Timothy Neve (1694 – 3 February 1757) was an English divine and antiquarian.

==Biography==
Neve was born at Wotton, in the parish of Stanton-Lacy, near Ludlow, Shropshire, in 1694. He was the son of Paul Neve, bailiff of the same place, and was educated at Ludlow school. He was admitted sizar of St. John's College, Cambridge, 10 November 1711, under Goodwyn, and graduated B.A. in 1714. In 1716, he became master of the free grammar school at Spalding, Lincolnshire. He performed service in some capacity in Spalding parish church, and was in 1718 admitted a member of the Gentleman's Society of Spalding, of which he acted as librarian. To this society he communicated several papers, including, in 1727, essays on the invention of printing and our first printers, and on Bishop Kennett's donation of books to Peterborough Cathedral. Leaving Spalding about 1729, when a successor at the school was appointed, he moved to Peterborough, where he was minor canon from 24 March 1728–9 till 1745. While there he was secretary and joint founder, along with Joseph Sparke, the registrar of Peterborough, of the Gentleman's Society, founded on the lines of the Spalding society.
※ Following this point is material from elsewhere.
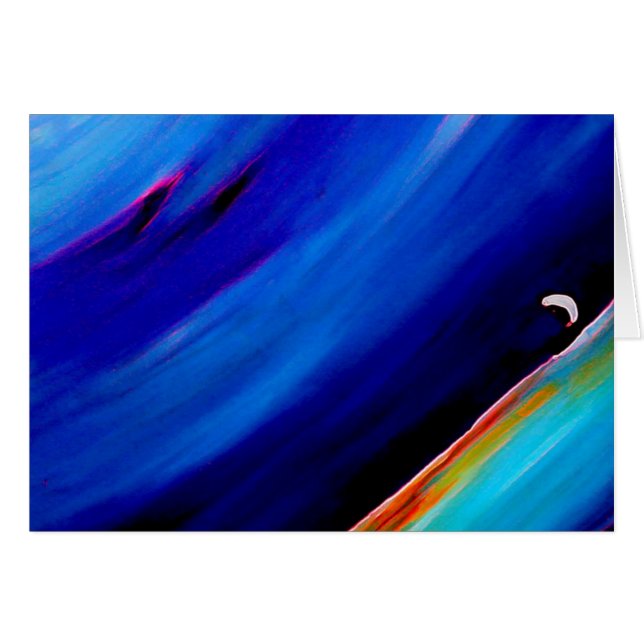 Blauwe baje 2 (Voorkant Horizontaal)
He was chaplain to Dr. Thomas, bishop of Lincoln, and by him nominated prebendary of Lincoln, first of the North Kelsey stall (1744–8), then of Nassington stall (1747–57). On 28 March 1747, he was also collated archdeacon of Huntingdon. For twenty-eight years (1729–57) he was rector of Alwalton, Huntingdonshire, a living attached to his Lincoln prebend. He died there on 3 February 1757, and was buried in Alwalton Church, in the north transept of which is an epitaph to his memory.

By his first wife (married 1722, died 1728) he had four children, of whom two were surviving in 1741—a son, Timothy [q. v.], and a daughter, subsequently married to a Mr. Davies (Nichols, Lit. Anecd. vi. 136). His second wife, whom he married on 26 February 1750, was Christina, daughter of the Rev. Mr. Greene of Drinkstone, Bury St. Edmunds, and sister to Lady Danvers of Rushbrooke, Suffolk.

Watt attributes to him ‘Observations of 2 Parhelia, or Mock Suns, seen 30 December 1735, and of an Aurora Borealis seen 11 December 1735, (Phil. Trans. Abridg. vii. 134, 1751); also on an ‘Aurora Borealis seen in 1741’ (ib. p. 526).